■ **Task prompt**
After locating the line containing "This vehicle is" in the entries below, please write out that line and the rest through the end exactly. Omit pictures.

═════ Data in this exercise

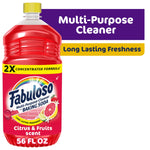 Single red Fabuloso multi-purpose cleaner bottle with yellow cap and citrus fruits label on white background.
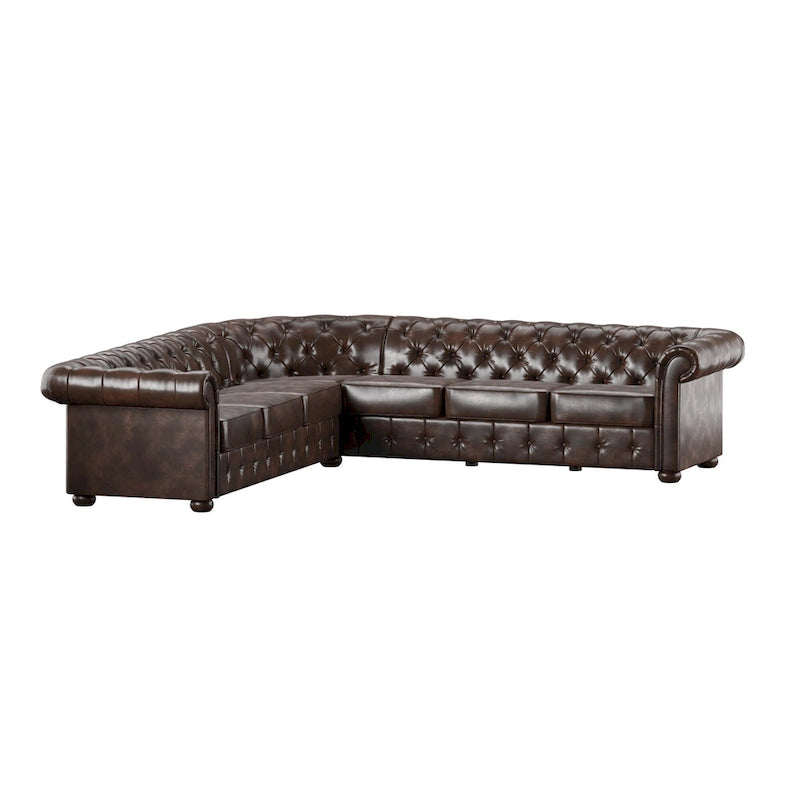 Beige / Grey / Brown Linen, Velvet & Leather Chesterfield L-Shaped Sectional, 7-Seat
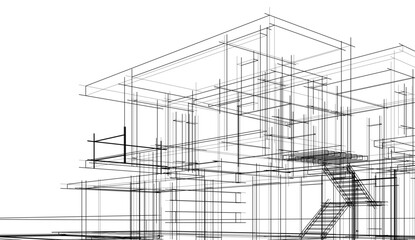 Fototapeta premium Architectural sketch of a building 3d illustration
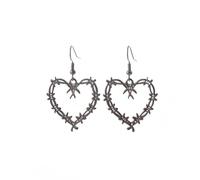 Pendientes Corazón Alambre de Púas Moda Colgantes para Mujer Ligero Declaración Joyería Charmes Regalos (Marrón)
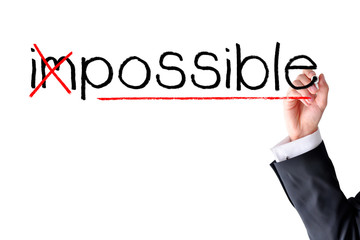 Make it possible concept, with woman handwriting on white background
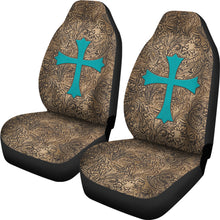Load image into Gallery viewer, Brown Tooled Leather Design With Turquoise Suede Cross Printed Car Seat Covers Set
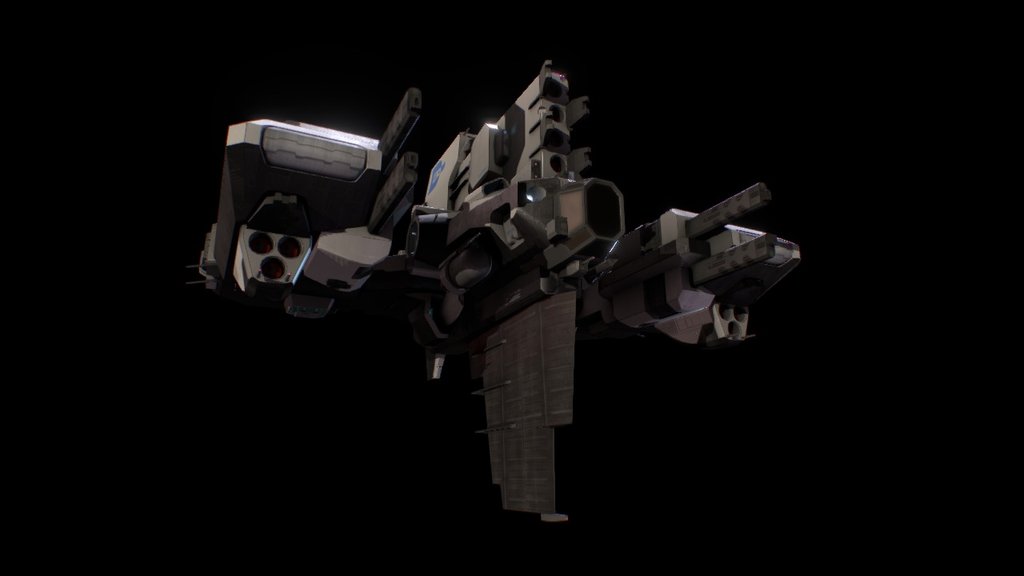 The Dominion of Man Phantom, a space fighter for the indie game Astrokill.

This vehicle is an essential component of the Dominion Star Command's military edifice. Part dogfighter and part police interceptor, the Phantom can be seen patrolling opulent inner systems as well as engaging in fleet offensives against the Outer Belt Alliance along the Dominion's ragged periphery. Standard armaments are four 30mm machine guns and a bank of rocket launchers.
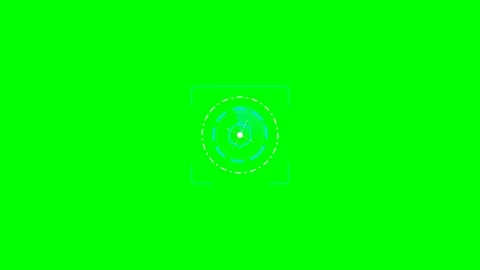 A digital circular interface element isolated on a solid vibrant green screen Stock Footage 340904831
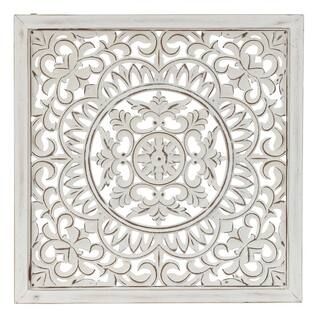 LuxenHome Distressed White Wood Floral Square Wall Applique Decor-WHA1444 - The Home Depot | The Home Depot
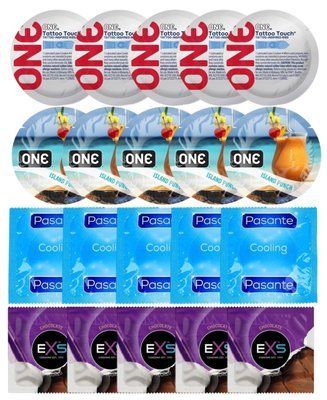 Набір 20 шт ONE Tattoo Touch + ONE Island Punch + Pasante Cooling + EXS Chocolate SOS7260 фото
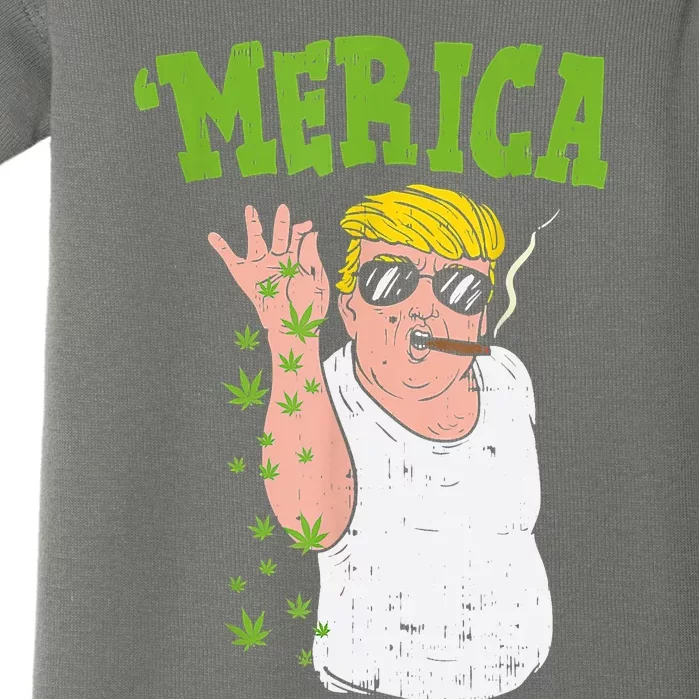 Merica Trump Bae Smoking Weed Cannabis Funny 420 Stoner Gift Baby Bodysuit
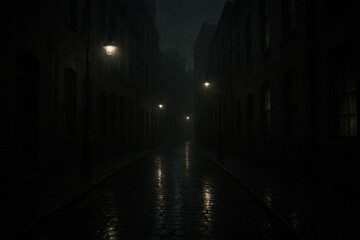 Obraz premium Atmospheric noir alley at night with wet cobblestones reflecting neon lights in urban cityscape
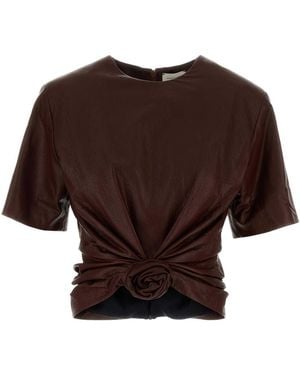 Magda Butrym Chocolate Leather Top - Brown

══════════

■ **Task output**
This vehicle is an essential component of the Dominion Star Command's military edifice. Part dogfighter and part police interceptor, the Phantom can be seen patrolling opulent inner systems as well as engaging in fleet offensives against the Outer Belt Alliance along the Dominion's ragged periphery. Standard armaments are four 30mm machine guns and a bank of rocket launchers.
 A digital circular interface element isolated on a solid vibrant green screen Stock Footage 340904831
 LuxenHome Distressed White Wood Floral Square Wall Applique Decor-WHA1444 - The Home Depot | The Home Depot
 Набір 20 шт ONE Tattoo Touch + ONE Island Punch + Pasante Cooling + EXS Chocolate SOS7260 фото
 Merica Trump Bae Smoking Weed Cannabis Funny 420 Stoner Gift Baby Bodysuit
 Obraz premium Atmospheric noir alley at night with wet cobblestones reflecting neon lights in urban cityscape
 Magda Butrym Chocolate Leather Top - Brown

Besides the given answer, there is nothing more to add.